What are you using for the density of acetic acid and water?

1.049 and .9982 respectively.

I don't confirm that.

First, I am using 1.049 g/mL for the density of acetic acid and 1.00 g/mL for the density of water.
191.2 mL acetic acid is 191.2/1.049 = 200.57 g and that is 200.57/60.05 = 3.34 moles acetic acid.
3.34/4.82 kg = 0.69295 and round to 0.693 which isn't 0.694.

2. There is a second problem.
If we take the 3.34 moles acetic acid which has a mass of 200.57 g and add it to 4820 g H2O we end up with a solution mass of 4820+200.57 = 5020.6 or 5121 rounded or 5.12 kg and not 5.01 kg.

The 0.9982 may make a difference. I used 1.00.

Let me see.

That's closer but not quite what I obtained.

191.2 mL acetic acid = 200.57 grams

4.82 L = 4820 mL
4820 x 0.9982 = 4811.3 grams
Total mass of solution =
4811.3 + 200.57 = 5011.9 = 5.0119 kg
3.34/4.8113 = 0.694
So m is right there. The total mass is just a hair over 5.01 kg. I used a mass of 4809.57 g H2O (or 4809.6 g) which is about 1 mL less than your calculations.

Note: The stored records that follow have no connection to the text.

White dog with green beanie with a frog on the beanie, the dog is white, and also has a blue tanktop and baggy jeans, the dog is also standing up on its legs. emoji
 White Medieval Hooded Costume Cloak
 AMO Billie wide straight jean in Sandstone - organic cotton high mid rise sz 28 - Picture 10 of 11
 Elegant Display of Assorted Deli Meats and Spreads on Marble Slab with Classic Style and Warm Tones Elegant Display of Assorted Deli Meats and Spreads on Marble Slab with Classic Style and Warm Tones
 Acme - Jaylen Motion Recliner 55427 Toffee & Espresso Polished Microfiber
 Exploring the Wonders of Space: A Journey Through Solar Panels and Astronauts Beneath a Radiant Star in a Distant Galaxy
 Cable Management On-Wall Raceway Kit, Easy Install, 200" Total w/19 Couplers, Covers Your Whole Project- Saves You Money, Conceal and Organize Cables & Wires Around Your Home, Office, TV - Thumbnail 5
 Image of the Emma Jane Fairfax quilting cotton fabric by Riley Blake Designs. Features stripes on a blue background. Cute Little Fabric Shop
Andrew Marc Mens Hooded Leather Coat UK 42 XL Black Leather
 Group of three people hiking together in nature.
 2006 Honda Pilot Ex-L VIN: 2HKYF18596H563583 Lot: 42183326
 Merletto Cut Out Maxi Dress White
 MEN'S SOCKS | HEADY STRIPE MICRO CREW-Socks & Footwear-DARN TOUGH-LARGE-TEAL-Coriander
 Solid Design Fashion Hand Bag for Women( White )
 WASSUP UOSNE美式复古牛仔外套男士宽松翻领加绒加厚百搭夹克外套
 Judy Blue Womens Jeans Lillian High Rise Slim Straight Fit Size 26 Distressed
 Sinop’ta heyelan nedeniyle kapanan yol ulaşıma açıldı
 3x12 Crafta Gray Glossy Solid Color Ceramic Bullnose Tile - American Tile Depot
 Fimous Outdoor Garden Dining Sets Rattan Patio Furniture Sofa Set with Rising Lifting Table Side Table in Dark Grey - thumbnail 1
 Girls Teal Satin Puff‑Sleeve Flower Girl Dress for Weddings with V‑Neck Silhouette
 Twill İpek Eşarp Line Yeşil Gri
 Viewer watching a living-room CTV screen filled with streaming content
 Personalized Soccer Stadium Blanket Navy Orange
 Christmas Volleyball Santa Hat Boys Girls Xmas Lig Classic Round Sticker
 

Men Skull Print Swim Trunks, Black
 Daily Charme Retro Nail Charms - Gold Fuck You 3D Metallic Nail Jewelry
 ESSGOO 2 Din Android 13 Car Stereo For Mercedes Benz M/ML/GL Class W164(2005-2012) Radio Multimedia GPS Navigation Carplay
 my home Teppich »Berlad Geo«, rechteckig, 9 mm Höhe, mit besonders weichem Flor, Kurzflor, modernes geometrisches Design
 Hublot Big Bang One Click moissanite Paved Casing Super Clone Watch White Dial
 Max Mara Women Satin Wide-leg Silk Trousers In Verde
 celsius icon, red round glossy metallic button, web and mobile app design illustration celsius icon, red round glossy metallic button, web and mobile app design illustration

To calculate the volume of solute (acetic acid) and the volume of solvent (water) needed to generate the desired solution, we need to use the formula:

Molarity = Moles of Solute / Volume of Solution (in liters)

First, let's calculate the moles of acetic acid required:

Molarity = 0.694 m = 0.694 moles of acetic acid / 1 L of solution

Next, we'll calculate the moles of acetic acid needed to generate 5.01 kg of solution:

Mass of acetic acid = 5.01 kg
Molar mass of acetic acid (CH3CO2H) = 60.05 g/mol

Moles of acetic acid = (Mass of acetic acid / Molar mass of acetic acid)
= (5.01 kg / 60.05 g/mol)
= 83.212 mol

Now let's calculate the volume of acetic acid:

Volume of acetic acid (in mL) = (Moles of acetic acid / Molarity) * 1000
= (83.212 mol / 0.694 mol/L) * 1000
= 119.83 mL
≈ 120 mL

Lastly, let's calculate the volume of water:

Volume of water (in L) = Volume of Solution - Volume of acetic acid
= 5 L - 0.120 L
= 4.88 L
≈ 4.82 L

So, based on the calculations, the volume of solute (acetic acid) should be approximately 120 mL, and the volume of solvent (water) should be approximately 4.82 L.

Your answers of 191.2 mL for acetic acid and 4.82 L for water appear to be incorrect.